Map a do-function over a query multiplexed across several namespaces.
The inheritor must implement the following:
- a PROJECT class attribute
- a do-function (_do_work())
- a method to get the namespaces across which to shard the query (
get_namespaces())
"""
_NAMESPACES_PER_PIPELINE = NAMESPACES_PER_PIPELINE # 25
def __init__(self, argv, migration_history_obj, model):
super(NamespacedDatastoreMigration, self).__init__(argv, migration_history_obj, model)
self._namespaces = self.get_namespaces()
self._pipelines = self._create_pipelines(argv)
def get_namespaces(self):
query_pb = query_pb2.Query()
helper.set_kind(query_pb, "__namespace__")
client = apache_helper.get_datastore(PROJECT)
namespace_entities = apache_helper.fetch_entities(PROJECT, '', query_pb, client)
namespaces = []
for n in namespace_entities:
# Get namespace name or id
key_path = n.key.path[-1]
if key_path.HasField('id'):
name_or_id = key_path.id
else:
name_or_id = key_path.name
# Avoid duplicates and test namespaces
if len(str(name_or_id)) > 1 and name_or_id not in namespaces:
namespaces.append(name_or_id)
return namespaces
def run(self):
for pipeline in self._pipelines:
pipeline.run()
def _create_pipelines(self, argv):
pipelines = []
for namespaces in zip(*[iter(self._namespaces)] * self._NAMESPACES_PER_PIPELINE):
p = beam.Pipeline(argv=argv)
(
(
p | 'ReadNamespace_{}'.format(
ns
) >> datastoreio.ReadFromDatastore(
project=self.PROJECT,
query=self.query(),
namespace=ns
)
for ns in namespaces
)
| 'JoinNamespaceEntities' >> beam.Flatten()

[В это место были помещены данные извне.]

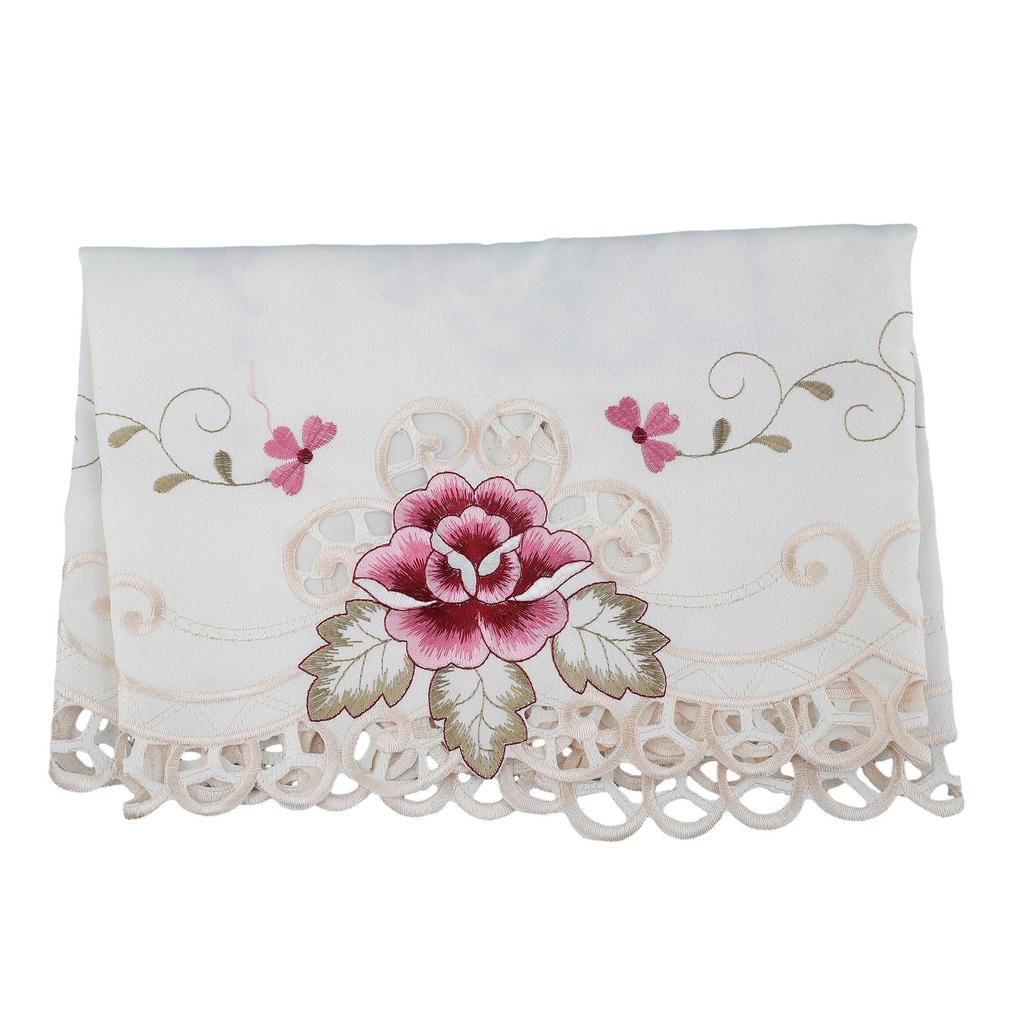 Hochwertige Praktische Tischdecke Kleine Tischabdeckung Heimdeko Spitze Oval Wiederverwendbare Tischläufer Waschbar Weiß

| self.__class__.__name__ >> beam.FlatMap(self._do_work)
| self._get_sink()
)
pipelines.append(p)
return pipelines
model = "App"
NamespacedDatastoreMigration(
argv,
kwargs.get('migration_history_obj'), # Irrelevant here
model # Entity kind
).run()
, где argv:
argv = [
'--project={0}'.format(PROJECT),
'--job_name=' + name, # A human readable descriptor that's been cleaned
'--staging_location=gs://{0}/migrations/'.format(BUCKET),
'--temp_location=gs://{0}/migrations/'.format(BUCKET),
'--setup_file=./setup.py',
'--runner=DataflowRunner'
]
Это основано на подклассе:
class _DatastoreMigrationBase(object):
PROJECT = PROJECT
def __init__(self, argv, migration_history_obj, model):
self.migration_history_obj = migration_history_obj
if not model:
raise Exception('This operation requires a model class name.')
self.model = model
def query(self):
# Instantiate a filter protobuf
filter_pb = query_pb2.Filter()
# Get all non-deleted model instances
helper.set_property_filter(
filter_pb,
'deleted',
query_pb2.PropertyFilter.EQUAL,
False
)
# Instantiate a query protobuf
query_pb = query_pb2.Query(
filter=filter_pb
)
helper.set_kind(query_pb, self.model)
return query_pb
def _get_source(self):
return 'DatastoreRead' >> datastoreio.ReadFromDatastore(
self.PROJECT,
self.query(),
)
@staticmethod
def _do_work(entity):
return entity
def _get_sink(self):
return 'WriteToDatastore' >> datastoreio.WriteToDatastore(
self.PROJECT
)
Однако, когда я подкласс NamespacedDatastoreMigration
, например, так:
from ..helpers import create_argv
from ..mappers import NamespacedDatastoreMigration
class CampaignActionField(NamespacedDatastoreMigration):
@staticmethod
def _do_work(entity):
target_url = entity.properties.get('target_url').string_value
message = entity.properties.get('message').string_value
path = entity.properties.get('path').string_value
if target_url and not message and not path:
entity.properties.get('action').string_value = 'webhook'
return entity
model = "Campaign" # Entity kind
CampaignActionField(
create_argv(kwargs.get('name')), # "ED-2275 Campaign action field"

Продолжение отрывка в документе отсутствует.